------ Materials provided ------
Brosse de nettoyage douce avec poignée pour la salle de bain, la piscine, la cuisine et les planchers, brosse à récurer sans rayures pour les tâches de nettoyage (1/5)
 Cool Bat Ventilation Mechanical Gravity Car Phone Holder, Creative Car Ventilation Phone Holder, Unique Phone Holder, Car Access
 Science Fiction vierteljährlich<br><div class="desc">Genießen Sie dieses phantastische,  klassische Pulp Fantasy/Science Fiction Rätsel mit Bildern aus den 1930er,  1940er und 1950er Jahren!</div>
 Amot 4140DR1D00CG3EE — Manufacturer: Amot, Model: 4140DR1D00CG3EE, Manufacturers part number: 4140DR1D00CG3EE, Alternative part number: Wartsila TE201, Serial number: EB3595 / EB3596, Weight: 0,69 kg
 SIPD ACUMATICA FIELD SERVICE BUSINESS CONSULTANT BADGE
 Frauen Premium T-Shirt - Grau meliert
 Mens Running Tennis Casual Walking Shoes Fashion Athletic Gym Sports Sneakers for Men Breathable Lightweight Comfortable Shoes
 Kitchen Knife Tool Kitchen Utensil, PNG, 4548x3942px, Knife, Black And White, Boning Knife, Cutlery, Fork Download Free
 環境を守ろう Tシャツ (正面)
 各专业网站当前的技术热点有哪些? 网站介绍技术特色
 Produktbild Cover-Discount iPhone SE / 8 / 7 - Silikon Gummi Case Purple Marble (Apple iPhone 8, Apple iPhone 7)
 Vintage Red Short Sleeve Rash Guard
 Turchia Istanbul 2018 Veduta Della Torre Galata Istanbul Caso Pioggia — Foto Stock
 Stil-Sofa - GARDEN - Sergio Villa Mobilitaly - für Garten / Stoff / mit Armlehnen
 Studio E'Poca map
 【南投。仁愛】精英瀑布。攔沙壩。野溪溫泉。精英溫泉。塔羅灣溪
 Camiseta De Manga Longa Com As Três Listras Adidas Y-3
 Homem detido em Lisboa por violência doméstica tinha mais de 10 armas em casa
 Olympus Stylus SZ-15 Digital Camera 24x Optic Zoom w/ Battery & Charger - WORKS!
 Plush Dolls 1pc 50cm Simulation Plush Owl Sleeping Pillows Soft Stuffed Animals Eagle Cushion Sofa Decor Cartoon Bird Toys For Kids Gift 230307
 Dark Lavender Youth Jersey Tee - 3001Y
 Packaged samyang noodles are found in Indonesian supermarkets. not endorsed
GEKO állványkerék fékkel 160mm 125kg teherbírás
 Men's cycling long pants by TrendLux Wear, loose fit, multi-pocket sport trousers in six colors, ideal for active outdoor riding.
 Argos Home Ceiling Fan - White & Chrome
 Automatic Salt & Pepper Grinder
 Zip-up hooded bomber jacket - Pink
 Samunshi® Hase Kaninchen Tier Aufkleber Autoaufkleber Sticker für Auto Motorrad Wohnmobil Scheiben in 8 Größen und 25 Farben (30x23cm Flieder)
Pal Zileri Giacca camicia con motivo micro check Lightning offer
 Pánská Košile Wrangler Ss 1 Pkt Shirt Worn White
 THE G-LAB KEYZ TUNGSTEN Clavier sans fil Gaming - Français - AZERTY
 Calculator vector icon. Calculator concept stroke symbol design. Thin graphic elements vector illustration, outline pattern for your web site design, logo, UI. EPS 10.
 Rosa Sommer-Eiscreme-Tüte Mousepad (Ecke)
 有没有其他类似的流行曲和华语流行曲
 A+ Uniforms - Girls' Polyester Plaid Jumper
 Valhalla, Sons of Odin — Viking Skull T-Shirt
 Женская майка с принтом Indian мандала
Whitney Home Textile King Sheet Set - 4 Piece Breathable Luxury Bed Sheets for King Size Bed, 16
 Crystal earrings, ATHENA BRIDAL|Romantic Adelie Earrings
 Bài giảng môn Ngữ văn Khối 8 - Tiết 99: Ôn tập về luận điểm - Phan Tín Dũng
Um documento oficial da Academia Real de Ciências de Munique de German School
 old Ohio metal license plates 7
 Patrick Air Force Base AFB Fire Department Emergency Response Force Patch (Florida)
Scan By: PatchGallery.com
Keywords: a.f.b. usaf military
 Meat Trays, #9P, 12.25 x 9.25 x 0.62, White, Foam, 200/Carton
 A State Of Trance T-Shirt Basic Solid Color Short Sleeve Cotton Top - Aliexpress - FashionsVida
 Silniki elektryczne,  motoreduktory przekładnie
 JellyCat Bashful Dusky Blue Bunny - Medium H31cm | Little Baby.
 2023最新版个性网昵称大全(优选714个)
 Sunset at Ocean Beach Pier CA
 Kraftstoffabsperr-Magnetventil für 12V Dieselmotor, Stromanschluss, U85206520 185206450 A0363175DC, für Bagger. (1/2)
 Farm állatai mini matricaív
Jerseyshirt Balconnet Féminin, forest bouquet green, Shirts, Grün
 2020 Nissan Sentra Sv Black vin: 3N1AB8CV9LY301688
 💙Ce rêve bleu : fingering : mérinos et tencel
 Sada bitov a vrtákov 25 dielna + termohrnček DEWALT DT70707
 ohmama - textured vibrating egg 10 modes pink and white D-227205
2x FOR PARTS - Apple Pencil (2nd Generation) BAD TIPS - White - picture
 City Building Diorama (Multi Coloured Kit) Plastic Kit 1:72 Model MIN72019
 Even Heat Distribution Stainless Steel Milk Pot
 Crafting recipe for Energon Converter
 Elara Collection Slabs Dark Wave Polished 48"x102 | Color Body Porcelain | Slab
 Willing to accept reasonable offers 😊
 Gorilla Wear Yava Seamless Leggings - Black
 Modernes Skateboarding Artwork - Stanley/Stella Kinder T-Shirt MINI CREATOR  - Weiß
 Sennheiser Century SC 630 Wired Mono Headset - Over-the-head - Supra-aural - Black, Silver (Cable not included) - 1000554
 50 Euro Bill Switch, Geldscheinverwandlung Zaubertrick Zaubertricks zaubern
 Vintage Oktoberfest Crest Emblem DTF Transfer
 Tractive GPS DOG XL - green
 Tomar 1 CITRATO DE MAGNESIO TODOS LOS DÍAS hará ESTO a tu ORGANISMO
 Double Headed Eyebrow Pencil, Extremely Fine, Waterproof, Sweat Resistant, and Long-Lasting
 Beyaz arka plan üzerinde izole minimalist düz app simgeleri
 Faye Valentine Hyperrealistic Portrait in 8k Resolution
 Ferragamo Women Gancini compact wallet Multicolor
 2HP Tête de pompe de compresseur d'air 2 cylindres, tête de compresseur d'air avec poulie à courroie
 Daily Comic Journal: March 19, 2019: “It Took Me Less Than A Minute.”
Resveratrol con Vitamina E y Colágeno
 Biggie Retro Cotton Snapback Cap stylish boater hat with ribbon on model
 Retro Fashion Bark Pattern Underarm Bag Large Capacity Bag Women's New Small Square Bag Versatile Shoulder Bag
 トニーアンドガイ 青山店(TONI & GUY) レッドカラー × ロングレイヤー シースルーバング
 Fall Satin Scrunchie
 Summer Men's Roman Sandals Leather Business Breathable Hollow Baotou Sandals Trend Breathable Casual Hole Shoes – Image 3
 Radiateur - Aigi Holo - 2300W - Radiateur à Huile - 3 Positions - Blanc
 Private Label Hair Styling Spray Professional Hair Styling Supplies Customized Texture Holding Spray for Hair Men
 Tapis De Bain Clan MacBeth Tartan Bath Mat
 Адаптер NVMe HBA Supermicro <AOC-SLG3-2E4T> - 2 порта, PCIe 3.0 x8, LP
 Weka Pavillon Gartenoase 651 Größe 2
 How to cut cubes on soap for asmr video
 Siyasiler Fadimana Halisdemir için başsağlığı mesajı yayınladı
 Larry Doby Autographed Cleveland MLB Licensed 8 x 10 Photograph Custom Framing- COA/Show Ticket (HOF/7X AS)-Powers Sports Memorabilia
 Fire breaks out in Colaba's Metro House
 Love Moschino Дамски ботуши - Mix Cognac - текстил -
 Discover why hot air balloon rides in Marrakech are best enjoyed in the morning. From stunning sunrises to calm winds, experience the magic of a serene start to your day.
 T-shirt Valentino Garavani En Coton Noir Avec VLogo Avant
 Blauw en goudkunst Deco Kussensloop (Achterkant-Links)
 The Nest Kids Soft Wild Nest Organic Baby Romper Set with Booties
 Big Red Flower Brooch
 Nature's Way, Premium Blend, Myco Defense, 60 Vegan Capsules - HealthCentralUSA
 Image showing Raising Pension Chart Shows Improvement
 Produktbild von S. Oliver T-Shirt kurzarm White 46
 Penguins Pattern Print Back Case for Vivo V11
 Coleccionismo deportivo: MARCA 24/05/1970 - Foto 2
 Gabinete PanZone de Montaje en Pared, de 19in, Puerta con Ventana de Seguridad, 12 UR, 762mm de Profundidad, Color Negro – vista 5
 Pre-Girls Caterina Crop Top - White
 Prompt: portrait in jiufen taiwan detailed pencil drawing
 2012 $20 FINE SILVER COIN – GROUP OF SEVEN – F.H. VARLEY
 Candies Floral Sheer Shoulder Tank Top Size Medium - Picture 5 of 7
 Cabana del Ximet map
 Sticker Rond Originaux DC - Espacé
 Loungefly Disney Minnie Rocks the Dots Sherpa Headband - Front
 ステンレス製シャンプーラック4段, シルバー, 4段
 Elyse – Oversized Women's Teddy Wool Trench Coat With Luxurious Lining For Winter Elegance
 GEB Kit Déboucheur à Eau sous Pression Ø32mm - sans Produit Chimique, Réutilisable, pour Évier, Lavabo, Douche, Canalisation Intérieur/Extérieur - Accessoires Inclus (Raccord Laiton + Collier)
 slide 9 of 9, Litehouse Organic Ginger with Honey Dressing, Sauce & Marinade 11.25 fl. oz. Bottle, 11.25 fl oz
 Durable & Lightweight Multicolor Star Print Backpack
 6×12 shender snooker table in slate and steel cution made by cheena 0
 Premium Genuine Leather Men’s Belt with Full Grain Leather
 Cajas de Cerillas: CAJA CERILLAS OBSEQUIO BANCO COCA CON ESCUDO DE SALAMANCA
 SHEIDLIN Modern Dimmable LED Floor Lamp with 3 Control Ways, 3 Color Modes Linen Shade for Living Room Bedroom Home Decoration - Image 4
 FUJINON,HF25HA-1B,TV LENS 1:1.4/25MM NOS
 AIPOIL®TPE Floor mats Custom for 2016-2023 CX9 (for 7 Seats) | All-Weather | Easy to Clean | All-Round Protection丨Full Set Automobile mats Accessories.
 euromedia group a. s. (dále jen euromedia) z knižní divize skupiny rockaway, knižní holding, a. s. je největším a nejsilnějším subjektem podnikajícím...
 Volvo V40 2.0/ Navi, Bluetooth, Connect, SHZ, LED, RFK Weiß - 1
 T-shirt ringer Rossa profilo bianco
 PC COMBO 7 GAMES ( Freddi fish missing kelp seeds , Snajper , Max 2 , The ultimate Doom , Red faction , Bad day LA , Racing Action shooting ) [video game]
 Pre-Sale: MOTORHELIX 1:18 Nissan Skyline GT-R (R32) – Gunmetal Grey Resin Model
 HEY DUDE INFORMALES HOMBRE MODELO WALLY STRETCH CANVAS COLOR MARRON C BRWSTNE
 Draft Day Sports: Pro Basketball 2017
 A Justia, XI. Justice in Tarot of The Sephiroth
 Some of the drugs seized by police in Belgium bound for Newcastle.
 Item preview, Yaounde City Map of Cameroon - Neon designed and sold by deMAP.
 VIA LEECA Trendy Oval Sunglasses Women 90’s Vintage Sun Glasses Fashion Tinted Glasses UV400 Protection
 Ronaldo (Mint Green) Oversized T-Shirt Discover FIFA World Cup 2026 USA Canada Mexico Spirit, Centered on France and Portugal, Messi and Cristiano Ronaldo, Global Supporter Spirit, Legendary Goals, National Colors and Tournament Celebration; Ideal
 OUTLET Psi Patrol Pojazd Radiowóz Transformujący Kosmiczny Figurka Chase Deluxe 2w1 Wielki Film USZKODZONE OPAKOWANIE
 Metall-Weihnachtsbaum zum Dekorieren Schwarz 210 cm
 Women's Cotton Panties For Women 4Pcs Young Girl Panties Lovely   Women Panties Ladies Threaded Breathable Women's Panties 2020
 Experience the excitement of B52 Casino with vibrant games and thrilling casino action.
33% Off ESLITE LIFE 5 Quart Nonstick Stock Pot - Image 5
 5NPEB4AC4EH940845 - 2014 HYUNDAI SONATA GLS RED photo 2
------
▸ **Task**:
Copy out all lines above that include the string "Foto".

▸ **Response to this task**:
 Turchia Istanbul 2018 Veduta Della Torre Galata Istanbul Caso Pioggia — Foto Stock
 Coleccionismo deportivo: MARCA 24/05/1970 - Foto 2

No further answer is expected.